WHAT YOU HAVE TO DO :: Leaving the pictures aside, repeat the entries exactly.

*** INPUT DATA ***

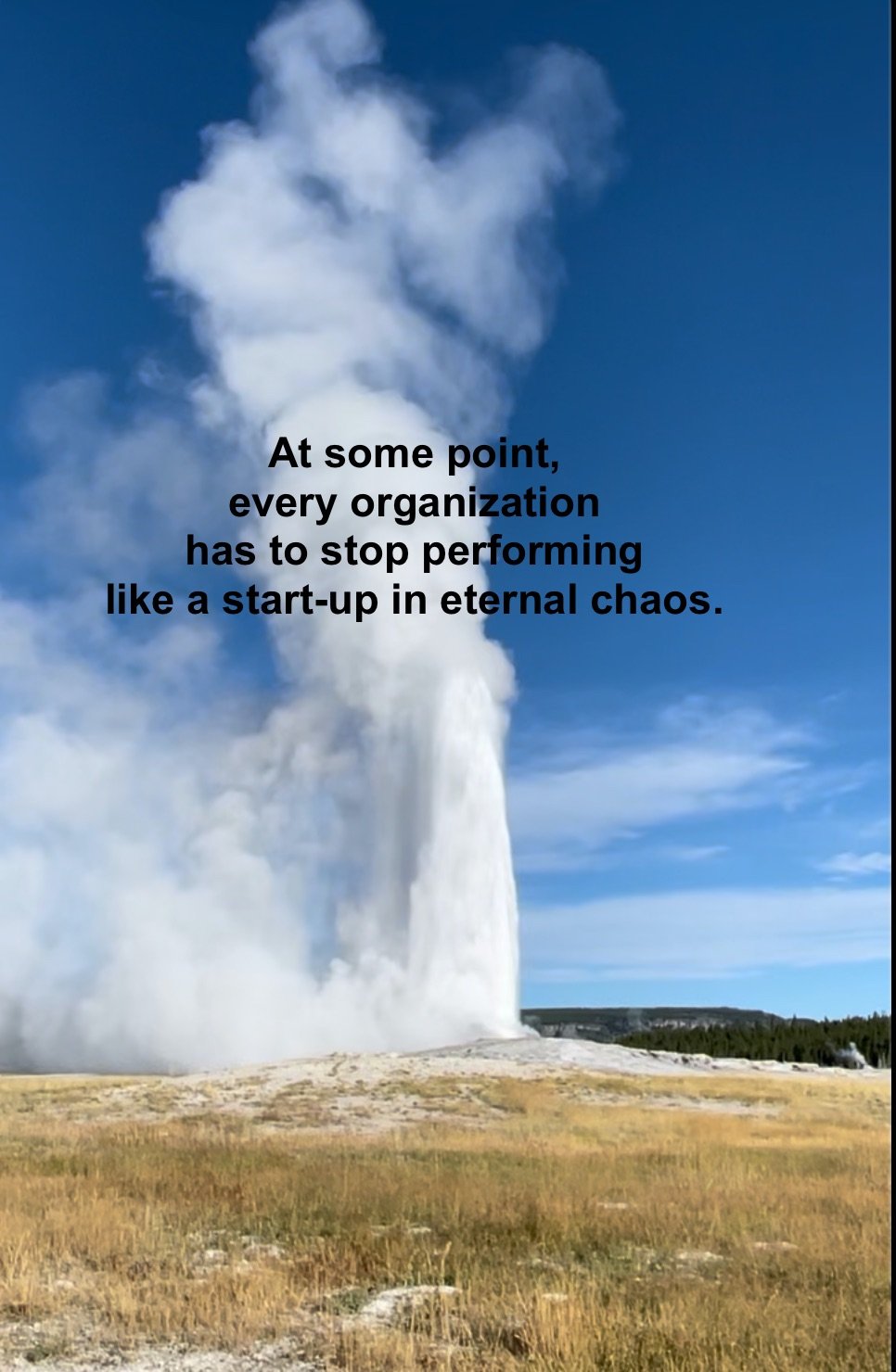Stop performing like a start-up in eternal chaos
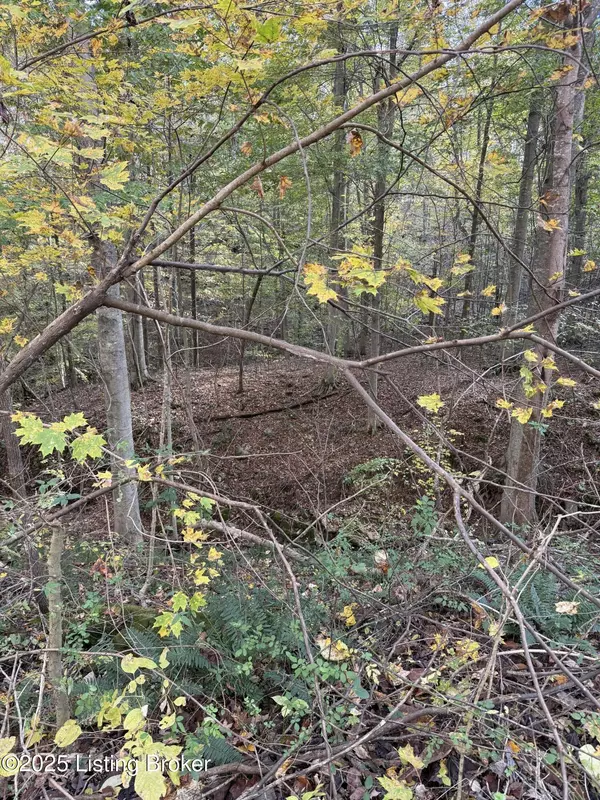 Leitchfield, KY 42754,0 Kendall Rd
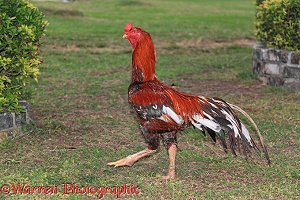 Thai Fighting Rooster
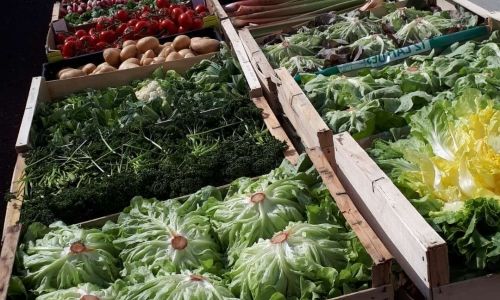 MARCHE FRUITS ET LÉGUMES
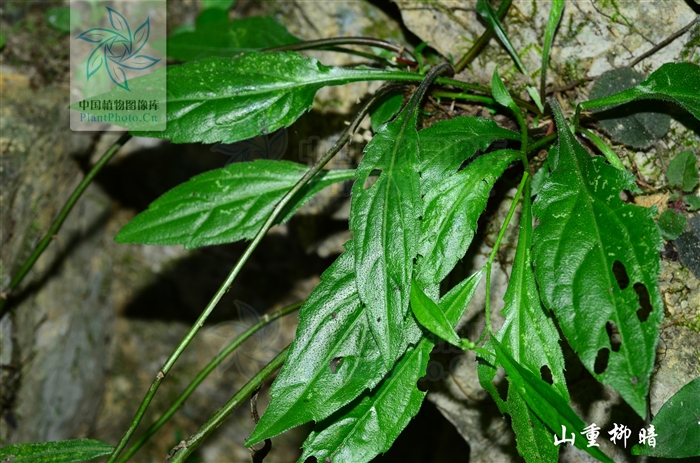 小花變種（變種）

*** End of INPUT DATA ***

PROBLEM SOLUTION ::
Stop performing like a start-up in eternal chaos
 Leitchfield, KY 42754,0 Kendall Rd
 Thai Fighting Rooster
 MARCHE FRUITS ET LÉGUMES
 小花變種（變種）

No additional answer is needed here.